** Prompt **
From the top of the entries below through the line containing "TNEA Expected Cutoff", return every line exactly as written, please, and stop there.

Items from a dataset

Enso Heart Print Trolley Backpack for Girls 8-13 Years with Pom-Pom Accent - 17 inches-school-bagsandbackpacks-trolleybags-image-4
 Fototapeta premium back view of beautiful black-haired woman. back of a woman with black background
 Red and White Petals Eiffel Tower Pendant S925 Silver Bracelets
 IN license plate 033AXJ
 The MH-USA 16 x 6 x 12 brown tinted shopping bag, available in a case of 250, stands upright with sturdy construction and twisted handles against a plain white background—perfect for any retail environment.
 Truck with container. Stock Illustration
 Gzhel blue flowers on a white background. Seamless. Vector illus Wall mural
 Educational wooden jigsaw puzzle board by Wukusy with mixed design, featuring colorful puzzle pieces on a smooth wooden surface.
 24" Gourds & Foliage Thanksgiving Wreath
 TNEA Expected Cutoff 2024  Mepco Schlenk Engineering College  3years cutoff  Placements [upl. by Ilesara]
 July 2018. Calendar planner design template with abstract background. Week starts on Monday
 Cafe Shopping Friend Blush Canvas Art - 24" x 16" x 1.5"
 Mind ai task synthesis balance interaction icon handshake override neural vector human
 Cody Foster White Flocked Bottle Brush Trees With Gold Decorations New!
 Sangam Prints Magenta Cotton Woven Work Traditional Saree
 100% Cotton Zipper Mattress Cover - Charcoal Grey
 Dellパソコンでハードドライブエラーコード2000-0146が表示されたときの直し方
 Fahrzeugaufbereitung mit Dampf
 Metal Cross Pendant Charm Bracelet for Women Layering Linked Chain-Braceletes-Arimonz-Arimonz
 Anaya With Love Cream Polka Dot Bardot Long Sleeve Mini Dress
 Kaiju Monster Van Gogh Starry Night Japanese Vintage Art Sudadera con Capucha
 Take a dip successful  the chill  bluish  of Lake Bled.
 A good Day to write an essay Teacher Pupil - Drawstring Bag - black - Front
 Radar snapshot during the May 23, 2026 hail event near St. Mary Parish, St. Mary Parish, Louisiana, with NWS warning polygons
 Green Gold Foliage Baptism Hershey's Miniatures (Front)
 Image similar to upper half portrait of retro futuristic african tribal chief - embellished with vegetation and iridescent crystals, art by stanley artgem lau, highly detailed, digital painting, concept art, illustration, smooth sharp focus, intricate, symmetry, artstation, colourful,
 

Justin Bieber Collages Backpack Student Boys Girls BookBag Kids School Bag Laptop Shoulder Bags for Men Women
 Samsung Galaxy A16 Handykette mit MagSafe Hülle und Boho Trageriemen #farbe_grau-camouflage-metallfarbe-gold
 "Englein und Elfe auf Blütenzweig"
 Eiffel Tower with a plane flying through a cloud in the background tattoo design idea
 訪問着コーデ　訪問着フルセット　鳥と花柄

** Finished task **
Enso Heart Print Trolley Backpack for Girls 8-13 Years with Pom-Pom Accent - 17 inches-school-bagsandbackpacks-trolleybags-image-4
 Fototapeta premium back view of beautiful black-haired woman. back of a woman with black background
 Red and White Petals Eiffel Tower Pendant S925 Silver Bracelets
 IN license plate 033AXJ
 The MH-USA 16 x 6 x 12 brown tinted shopping bag, available in a case of 250, stands upright with sturdy construction and twisted handles against a plain white background—perfect for any retail environment.
 Truck with container. Stock Illustration
 Gzhel blue flowers on a white background. Seamless. Vector illus Wall mural
 Educational wooden jigsaw puzzle board by Wukusy with mixed design, featuring colorful puzzle pieces on a smooth wooden surface.
 24" Gourds & Foliage Thanksgiving Wreath
 TNEA Expected Cutoff 2024  Mepco Schlenk Engineering College  3years cutoff  Placements [upl. by Ilesara]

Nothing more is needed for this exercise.